[Dataset items]
* * * * * * *

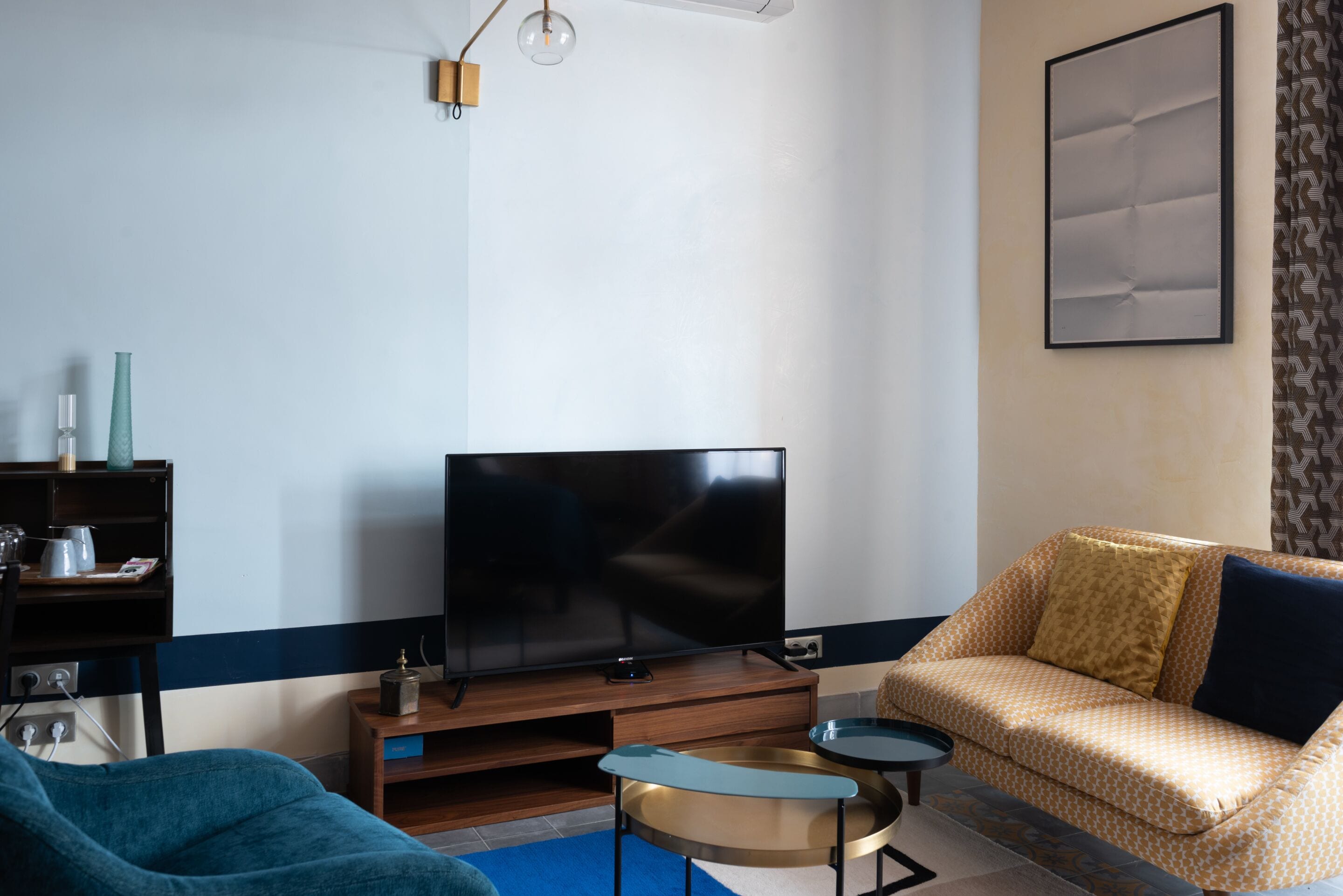 A living room with a flat-screen TV, a sofa, a coffee table, and a bookshelf.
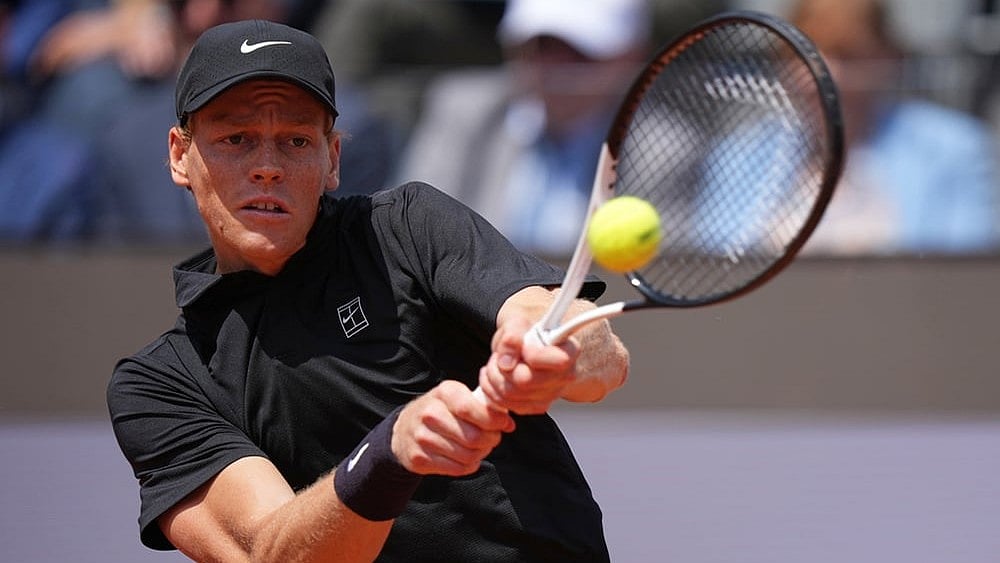 Italy's Jannik Sinner returns the ball to Andrey Rublev, during their match at the Italian Open tennis tournament in Rome. - | Photo: AP/Andrew Medichini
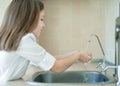 Child pouring fresh reverse osmosis purified water in kitchen at home. Drinking tap water. Consumption of tap water contributes to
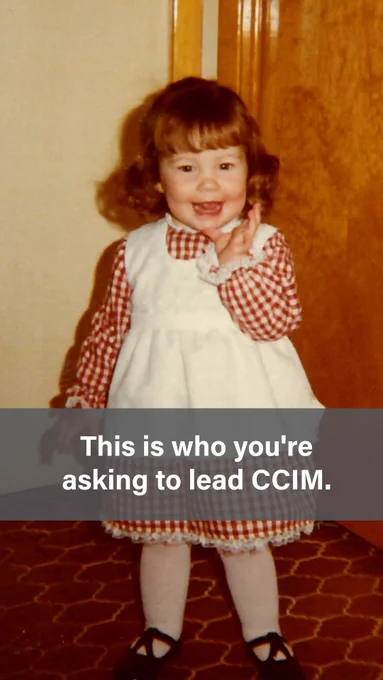 A vintage childhood photo of a smiling toddler girl with short curly reddish-brown hair, wearing a red and white gingham long-sleeve shirt under a white pinafore dress with lace trim, standing in front of a wooden door on a patterned carpet. Text overlay reads: "This is who you're asking to lead CCIM."
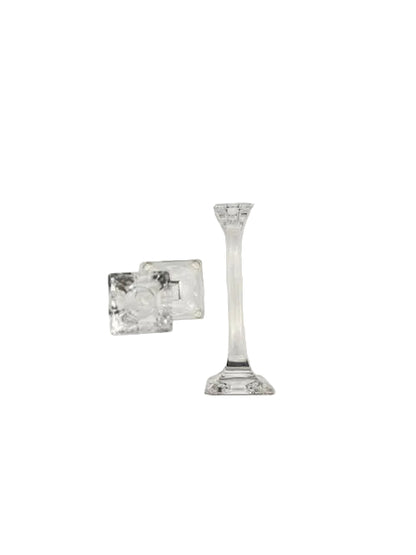 Tiffany & Co. crystal candlestick upright with a second on its side showing the candle cup and base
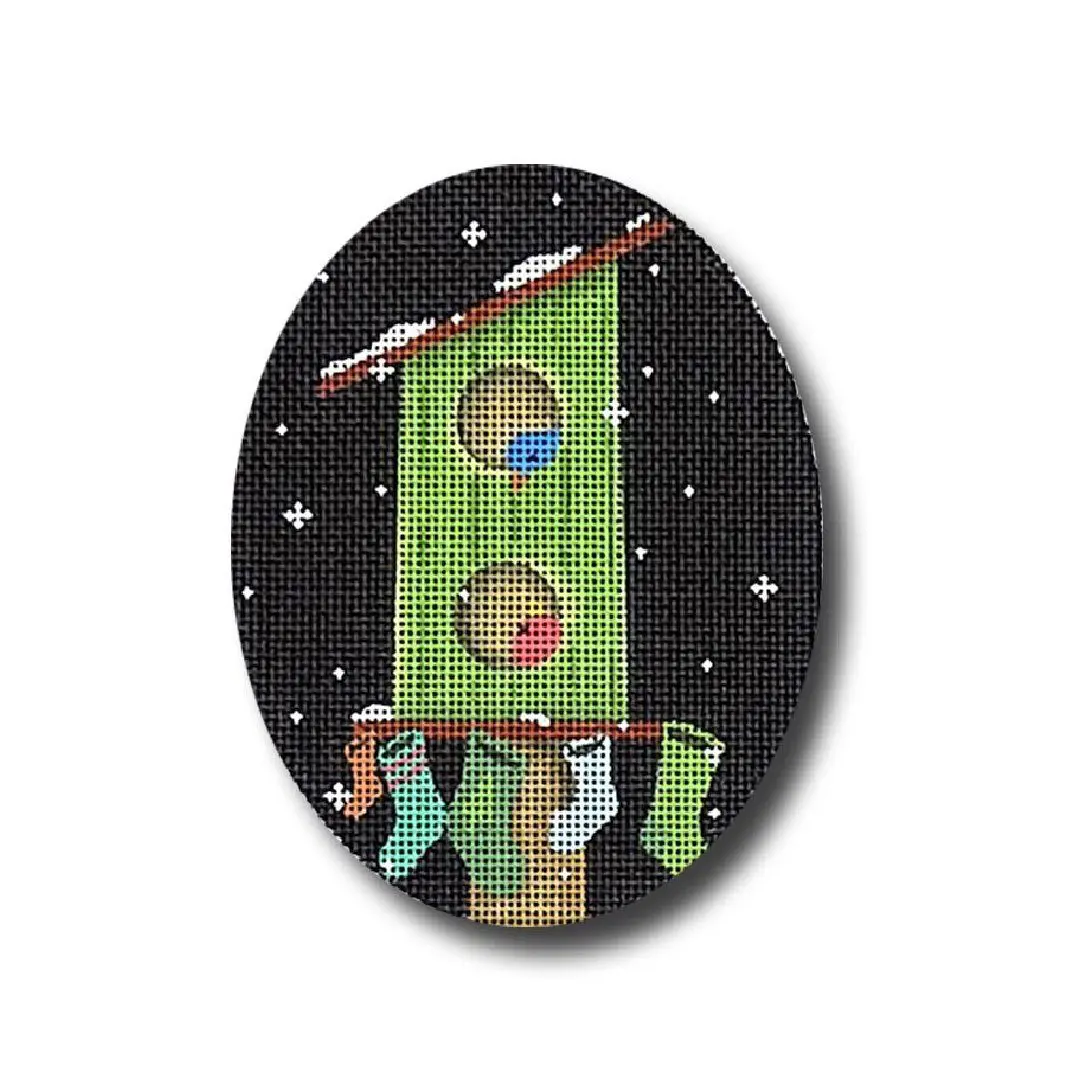 A cross stitch picture of a birdhouse on a black background by Cecilia Ohm Eriksen.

* * * * * * *

#### ABOUT THIS TASK
In the copy, omit the pictures and reproduce every entry exactly.

#### RESPONSE FOR THIS EXERCISE
 A living room with a flat-screen TV, a sofa, a coffee table, and a bookshelf.
 Italy's Jannik Sinner returns the ball to Andrey Rublev, during their match at the Italian Open tennis tournament in Rome. - | Photo: AP/Andrew Medichini
 Child pouring fresh reverse osmosis purified water in kitchen at home. Drinking tap water. Consumption of tap water contributes to
 A vintage childhood photo of a smiling toddler girl with short curly reddish-brown hair, wearing a red and white gingham long-sleeve shirt under a white pinafore dress with lace trim, standing in front of a wooden door on a patterned carpet. Text overlay reads: "This is who you're asking to lead CCIM."
 Tiffany & Co. crystal candlestick upright with a second on its side showing the candle cup and base
 A cross stitch picture of a birdhouse on a black background by Cecilia Ohm Eriksen.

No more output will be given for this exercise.